12 En zij zeiden tot hem: Wij zijn afgekomen om u te binden, om u over te geven in de hand der Filistijnen. Toen zeide Simson tot hen: Zweert mij, dat gijlieden op mij niet zult aanvallen.
They said to him, "We have come down to bind you, that we may deliver you into the hand of the Philistines." Samson said to them, "Swear to me that you will not fall on me yourselves."
13 En zij spraken tot hem, zeggende: Neen, maar wij zullen u wel binden, en u in hunlieder hand overgeven; doch wij zullen u geenszins doden. En zij bonden hem met twee nieuwe touwen, en voerden hem op van de rots.
They spoke to him, saying, "No; but we will bind you fast, and deliver you into their hand; but surely we will not kill you." They bound him with two new ropes, and brought him up from the rock.
14 Als hij kwam tot Lechi, zo juichten de Filistijnen hem tegemoet; maar de Geest des HEEREN werd vaardig over hem; en de touwen, die aan zijn armen waren, werden als linnen draden, die van het vuur gebrand zijn, en zijn banden versmolten van zijn handen.

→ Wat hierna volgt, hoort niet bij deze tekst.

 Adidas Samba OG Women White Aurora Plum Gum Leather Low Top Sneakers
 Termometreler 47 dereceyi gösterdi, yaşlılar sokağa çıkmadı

When he came to Lehi, the Philistines shouted as they met him: and the Ruach of the LORD rushed upon him, and the ropes that were on his arms became like flax that was burnt with fire, and his bands dropped from off his hands.
15 En hij vond een vochtig ezelskinnebakken, en hij strekte zijn hand uit, en nam het, en sloeg daarmede duizend man.

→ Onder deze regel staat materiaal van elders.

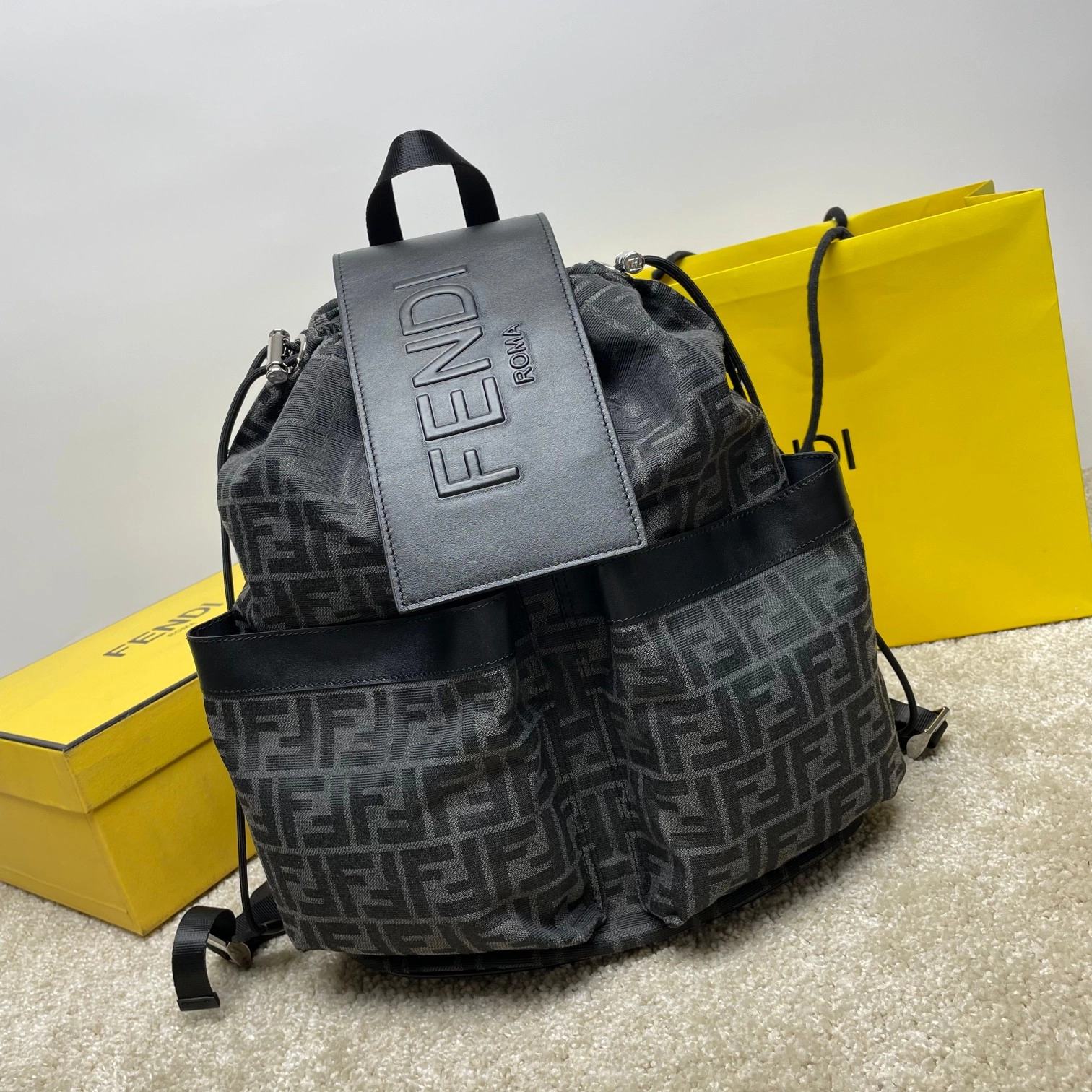 フェンディ「Fendi」Strike リュックサック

And he found a fresh jawbone of a donkey, and reached down and took it, and struck a thousand men with it.
16 Toen zeide Simson: Met een ezelskinnebakken, een hoop, twee hopen, met een ezelskinnebakken heb ik duizend man geslagen.
Samson said, "With the jawbone of a donkey, heaps on heaps; with the jawbone of a donkey I have struck a thousand men."
17 En het geschiedde, als hij geeindigd had te spreken, zo wierp hij het kinnebakken uit zijn hand, en hij noemde dezelve plaats Ramath-Lechi.
It happened, when he had finished speaking, that he cast away the jawbone out of his hand; and that place was called Ramath Lehi.
18 Als hem nu zeer dorstte, zo riep hij tot den HEERE, en zeide: Gij hebt door de hand van Uw knecht dit grote heil gegeven; zou ik dan nu van dorst sterven, en vallen in de hand dezer onbesnedenen?
He was very thirsty, and called on the LORD, and said, "You have given this great deliverance by the hand of your servant; and now shall I die for thirst, and fall into the hand of the uncircumcised?"
19 Toen kloofde God de holle plaats, die in Lechi is, en er ging water uit van dezelve, en hij dronk. Toen kwam zijn geest weder, en hij werd levend. Daarom noemde hij haar naam: De fontein des aanroepers, die in Lechi is, tot op dezen dag.
And God split the hollow place that is at Lehi, and water came out of it. When he had drunk, his spirit came again, and he revived: therefore its name was called En Hakkore, which is in Lehi, to this day.
20 En hij richtte Israel, in de dagen der Filistijnen, twintig jaren.
He judged Israel in the days of the Philistines twenty years.